Bu tramvayları çeken atların da dinlenmeye ihtiyacı vardı. Özellikle Şişhane yokuşunda yorulan atlar, Taksim'de dinlendirilip yerlerine daha dinç olan atlar konuluyordu. Bu sayede tramvay seferleri aksamıyordu. En yoğun hat olan Şişhane-Kurtuluş hattındaki tramvayların atları, Dingo adlı bir ahır sahibinin ahırında dinleniyordu. Bu hatın yoğunluğu nedeniyle Dingo'nun ahırına sürekli giriş çıkışlar oluyordu.
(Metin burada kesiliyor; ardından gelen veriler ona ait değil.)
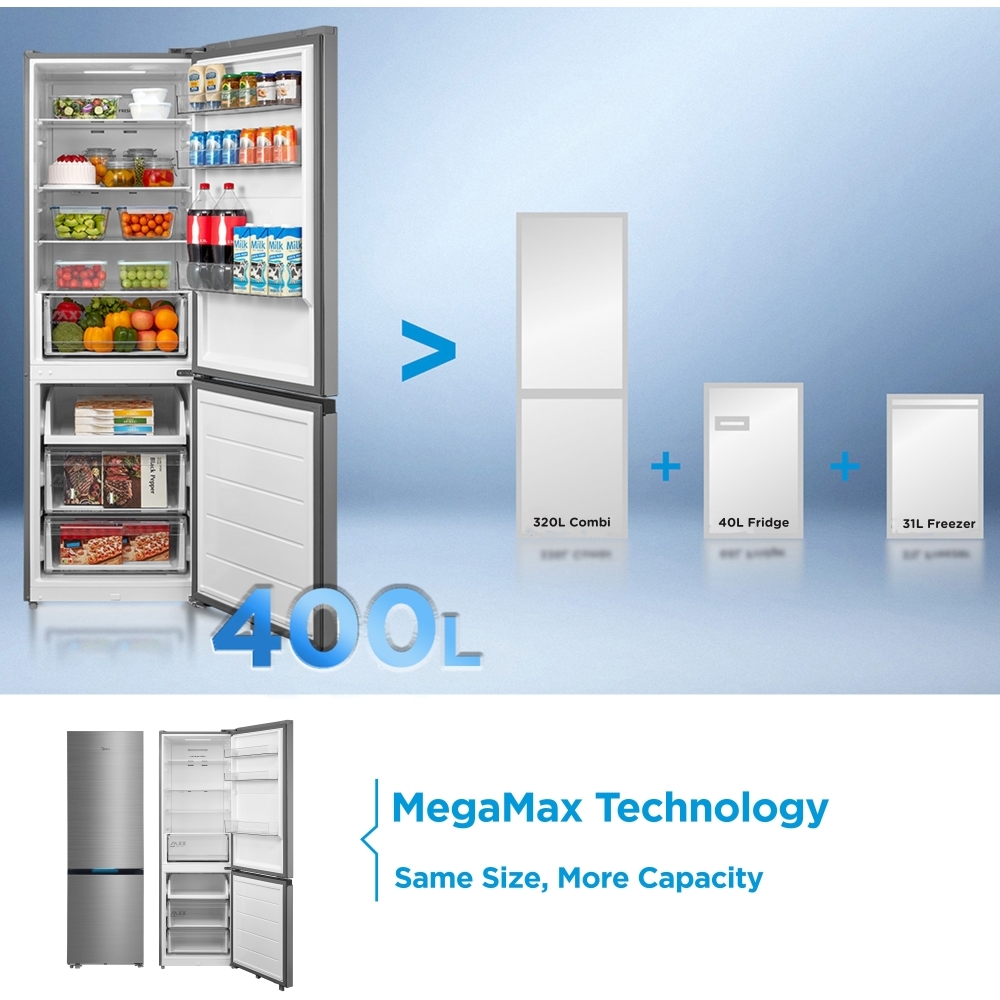 Midea MDRB548MIC46 Total No Frost Fridge Freezer, 70/30, Stainless Steel, C Rated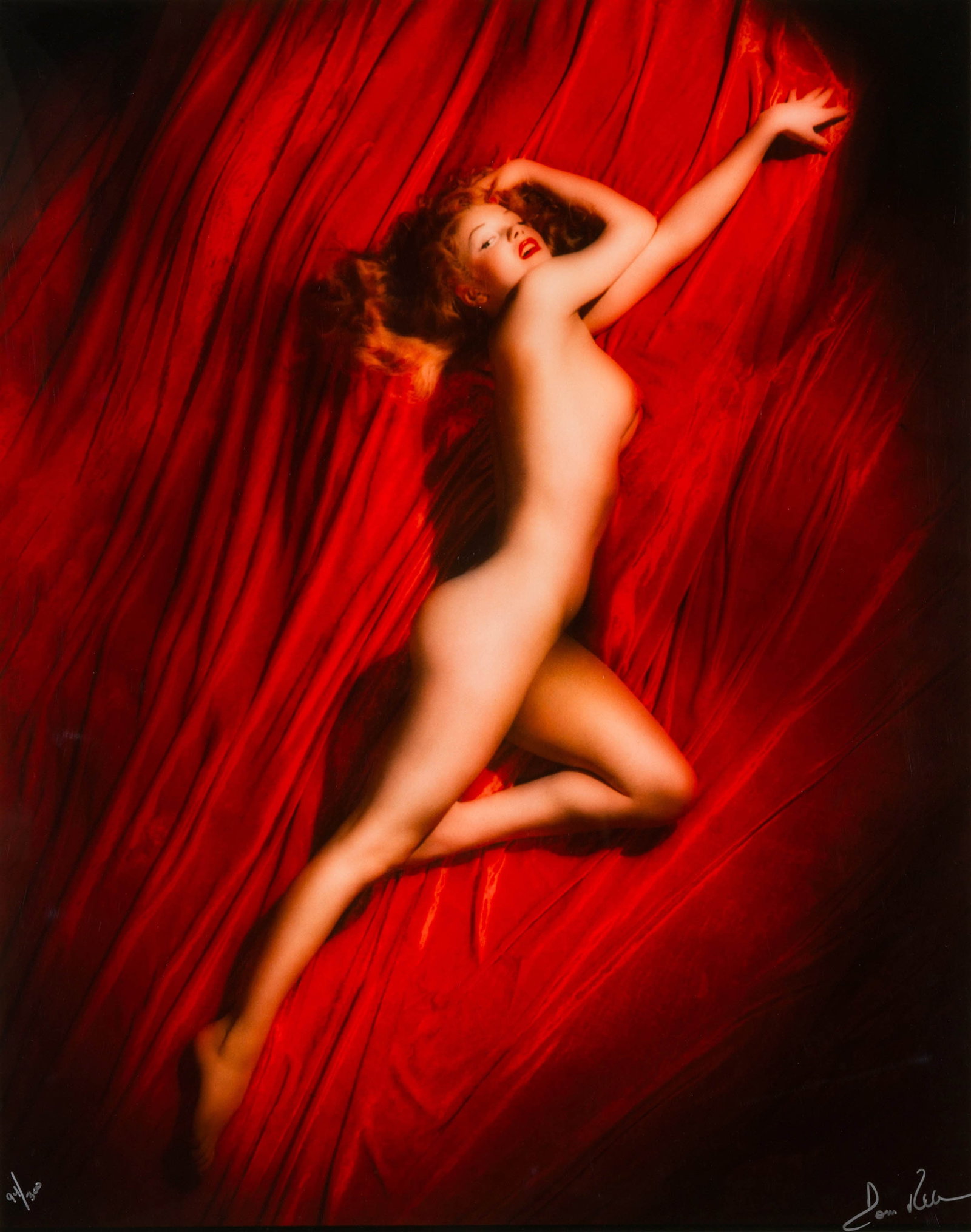 Tom Kelley, Sr. Marilyn Monroe in Pose #2 from the Famed Red Velvet Calendar Session, 1949, printed : Tom Kelley, Sr. (American, 1914-1984) Marilyn Monroe in Pose #2 from the Famed Red Velvet Calendar Session, 1949, printed 1991 Archival cibachrome print ed. 94 of 300 36.5 x 28.75 (in) 43.25 x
Dingo, biraz fazla içki düşkünü biriydi ve bu durum ahırdaki işlerin düzgün bir şekilde yürütülmesini engelliyordu. Ahıra giren ve çıkan atların kaydını tutmakta zorlanıyordu. Bu durum bazen atların gerektiği kadar dinlenememesine yol açabiliyordu.
Bu durum, "Dingo'nun ahırı" ifadesinin Türkçeye deyim olarak yerleşmesine yol açtı. Bu deyim, giriş çıkışların kontrolsüz olduğu ve düzenin sağlanamadığı durumları ifade etmek için kullanılır. Bir CEO olarak, bu deyimi bir şirketin kontrolsüz büyümesini veya yönetiminin zorlaştığı durumları anlatmak için kullanabiliriz. Örneğin, "Şirket son zamanlarda Dingo'nun ahırına döndü, herkes kendi başına hareket ediyor ve kimin ne yaptığını takip etmek neredeyse imkansız."